Exercise objective: Restate word for word the lines of the records below, starting at the line that contains "Image 12276622 from" and ending at the line that contains "Туры в отель San Francisco", with both of those lines included and nothing else.

Stored entries:
########################################

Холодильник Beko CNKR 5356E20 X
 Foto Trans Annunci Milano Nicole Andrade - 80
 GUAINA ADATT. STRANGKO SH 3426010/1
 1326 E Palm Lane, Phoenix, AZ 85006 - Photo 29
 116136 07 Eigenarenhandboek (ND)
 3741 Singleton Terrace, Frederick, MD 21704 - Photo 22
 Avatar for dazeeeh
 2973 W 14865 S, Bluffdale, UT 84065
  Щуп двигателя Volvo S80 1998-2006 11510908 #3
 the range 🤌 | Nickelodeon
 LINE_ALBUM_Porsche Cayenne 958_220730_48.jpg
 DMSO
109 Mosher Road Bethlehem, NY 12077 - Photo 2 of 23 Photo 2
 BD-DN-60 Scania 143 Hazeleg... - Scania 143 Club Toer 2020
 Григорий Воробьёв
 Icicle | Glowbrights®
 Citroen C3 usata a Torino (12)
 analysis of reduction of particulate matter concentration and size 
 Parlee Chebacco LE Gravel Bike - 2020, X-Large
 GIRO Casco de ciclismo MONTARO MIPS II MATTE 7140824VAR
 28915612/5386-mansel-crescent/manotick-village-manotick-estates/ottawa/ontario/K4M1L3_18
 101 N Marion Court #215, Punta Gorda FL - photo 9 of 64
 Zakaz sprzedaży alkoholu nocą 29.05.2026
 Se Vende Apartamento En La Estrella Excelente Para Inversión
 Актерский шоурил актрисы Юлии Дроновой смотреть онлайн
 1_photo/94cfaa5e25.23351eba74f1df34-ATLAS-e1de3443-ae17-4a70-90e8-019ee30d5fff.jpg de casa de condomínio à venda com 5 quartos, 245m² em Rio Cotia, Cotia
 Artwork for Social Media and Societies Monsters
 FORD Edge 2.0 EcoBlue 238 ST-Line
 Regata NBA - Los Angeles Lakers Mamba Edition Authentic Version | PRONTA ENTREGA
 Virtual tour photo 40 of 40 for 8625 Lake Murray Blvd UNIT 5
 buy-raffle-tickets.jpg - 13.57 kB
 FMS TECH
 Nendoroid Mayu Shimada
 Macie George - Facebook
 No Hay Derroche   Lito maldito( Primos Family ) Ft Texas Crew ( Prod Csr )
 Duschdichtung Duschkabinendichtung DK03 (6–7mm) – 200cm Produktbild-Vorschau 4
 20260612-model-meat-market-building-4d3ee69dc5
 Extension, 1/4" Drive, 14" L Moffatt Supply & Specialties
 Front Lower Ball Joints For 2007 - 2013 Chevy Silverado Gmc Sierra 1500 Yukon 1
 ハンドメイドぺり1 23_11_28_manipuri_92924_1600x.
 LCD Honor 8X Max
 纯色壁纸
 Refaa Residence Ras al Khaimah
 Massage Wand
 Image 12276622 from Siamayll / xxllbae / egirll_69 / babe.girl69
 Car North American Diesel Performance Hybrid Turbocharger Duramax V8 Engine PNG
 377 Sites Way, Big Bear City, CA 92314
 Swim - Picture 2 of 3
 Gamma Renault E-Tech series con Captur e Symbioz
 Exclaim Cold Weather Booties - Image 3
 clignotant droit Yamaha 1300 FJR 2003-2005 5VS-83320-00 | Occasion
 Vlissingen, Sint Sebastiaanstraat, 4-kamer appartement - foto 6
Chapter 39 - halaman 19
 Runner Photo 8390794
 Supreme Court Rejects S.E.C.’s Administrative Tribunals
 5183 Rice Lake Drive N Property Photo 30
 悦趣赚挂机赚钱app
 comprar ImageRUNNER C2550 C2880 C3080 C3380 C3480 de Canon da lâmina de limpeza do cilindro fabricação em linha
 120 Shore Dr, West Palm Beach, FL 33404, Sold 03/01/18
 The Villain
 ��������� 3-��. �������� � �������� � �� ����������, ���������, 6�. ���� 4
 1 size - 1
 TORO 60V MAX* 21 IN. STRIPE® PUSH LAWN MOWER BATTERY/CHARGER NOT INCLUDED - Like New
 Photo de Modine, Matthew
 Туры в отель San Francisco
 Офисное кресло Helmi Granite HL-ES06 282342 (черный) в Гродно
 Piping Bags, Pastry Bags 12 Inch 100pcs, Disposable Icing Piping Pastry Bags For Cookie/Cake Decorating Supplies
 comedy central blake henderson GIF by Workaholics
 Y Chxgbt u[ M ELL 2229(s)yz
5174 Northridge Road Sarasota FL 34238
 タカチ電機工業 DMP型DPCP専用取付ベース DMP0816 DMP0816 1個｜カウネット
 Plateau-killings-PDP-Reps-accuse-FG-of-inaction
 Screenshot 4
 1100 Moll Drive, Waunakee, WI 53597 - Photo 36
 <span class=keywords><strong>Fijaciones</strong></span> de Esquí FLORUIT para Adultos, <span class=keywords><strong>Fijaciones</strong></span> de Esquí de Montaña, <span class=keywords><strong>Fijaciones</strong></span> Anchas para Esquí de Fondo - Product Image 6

########################################

Answer for this exercise:
 Image 12276622 from Siamayll / xxllbae / egirll_69 / babe.girl69
 Car North American Diesel Performance Hybrid Turbocharger Duramax V8 Engine PNG
 377 Sites Way, Big Bear City, CA 92314
 Swim - Picture 2 of 3
 Gamma Renault E-Tech series con Captur e Symbioz
 Exclaim Cold Weather Booties - Image 3
 clignotant droit Yamaha 1300 FJR 2003-2005 5VS-83320-00 | Occasion
 Vlissingen, Sint Sebastiaanstraat, 4-kamer appartement - foto 6
Chapter 39 - halaman 19
 Runner Photo 8390794
 Supreme Court Rejects S.E.C.’s Administrative Tribunals
 5183 Rice Lake Drive N Property Photo 30
 悦趣赚挂机赚钱app
 comprar ImageRUNNER C2550 C2880 C3080 C3380 C3480 de Canon da lâmina de limpeza do cilindro fabricação em linha
 120 Shore Dr, West Palm Beach, FL 33404, Sold 03/01/18
 The Villain
 ��������� 3-��. �������� � �������� � �� ����������, ���������, 6�. ���� 4
 1 size - 1
 TORO 60V MAX* 21 IN. STRIPE® PUSH LAWN MOWER BATTERY/CHARGER NOT INCLUDED - Like New
 Photo de Modine, Matthew
 Туры в отель San Francisco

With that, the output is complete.